Exercise directions – Each line in the material below, starting at the one with "多彩的童年六一儿童节手抄报变形结构版面设计图" and ending at the one with "ＮＶ１５０ＡＤ ＶＥ　エマージェンシーブレーキ　社外ナビ　ＥＴＣ（17枚目）", is to be reproduced exactly; no picture is to be copied.

Exercise inputs –
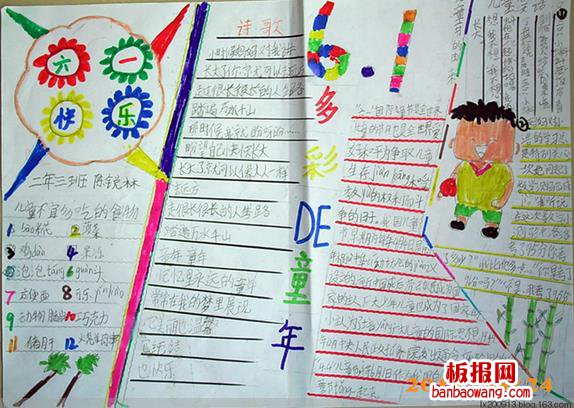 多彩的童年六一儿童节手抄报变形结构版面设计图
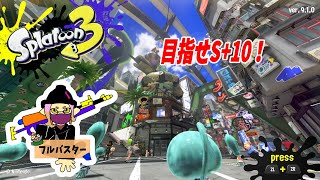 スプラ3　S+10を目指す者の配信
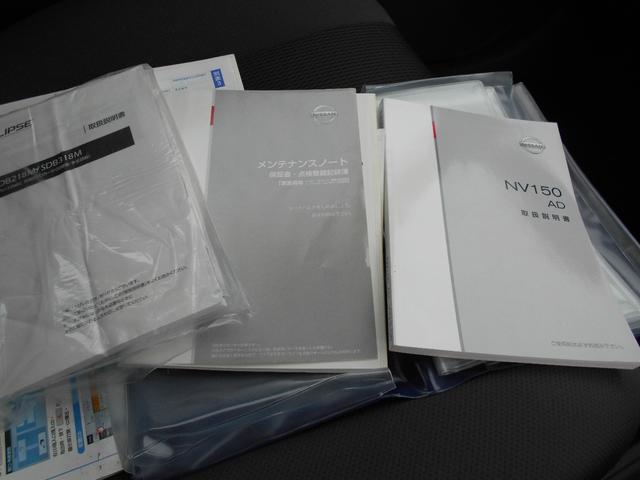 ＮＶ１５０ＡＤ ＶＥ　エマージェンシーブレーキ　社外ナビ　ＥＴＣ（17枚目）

* * *

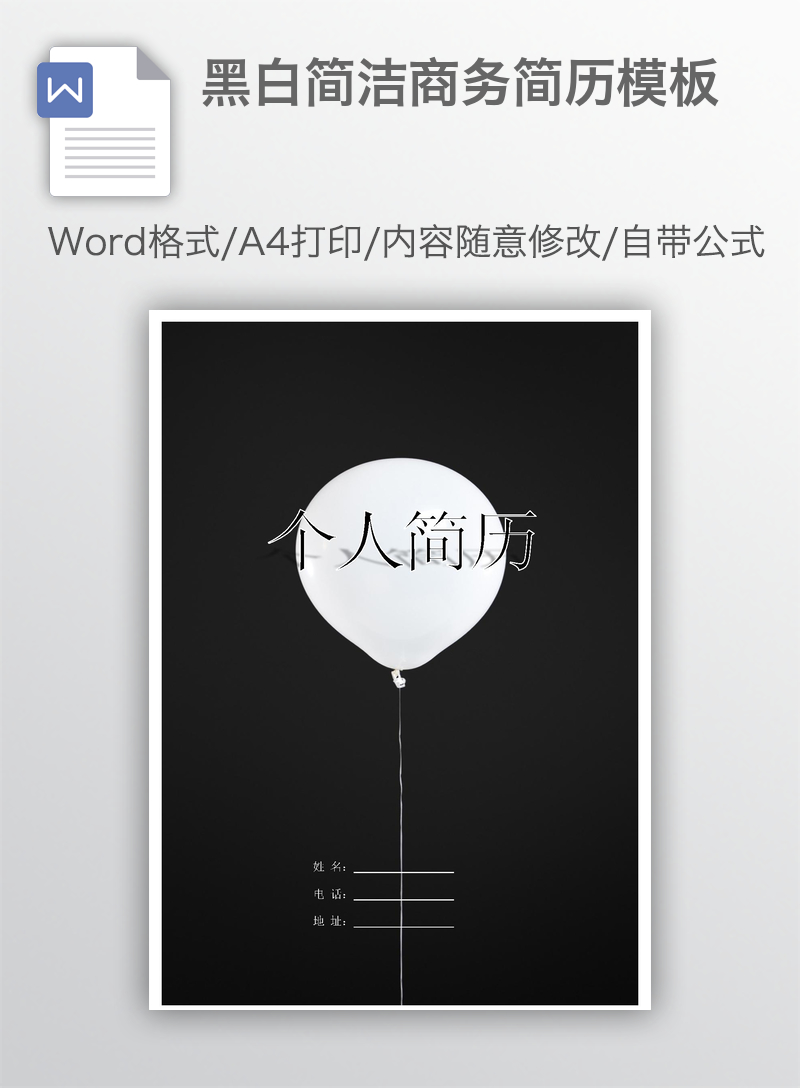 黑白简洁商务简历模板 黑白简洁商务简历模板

==

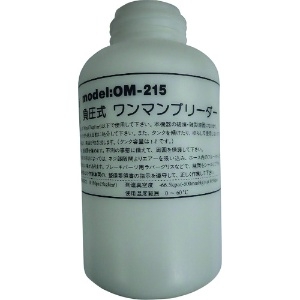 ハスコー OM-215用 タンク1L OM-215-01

Answer space –
 多彩的童年六一儿童节手抄报变形结构版面设计图
 スプラ3　S+10を目指す者の配信
 ＮＶ１５０ＡＤ ＶＥ　エマージェンシーブレーキ　社外ナビ　ＥＴＣ（17枚目）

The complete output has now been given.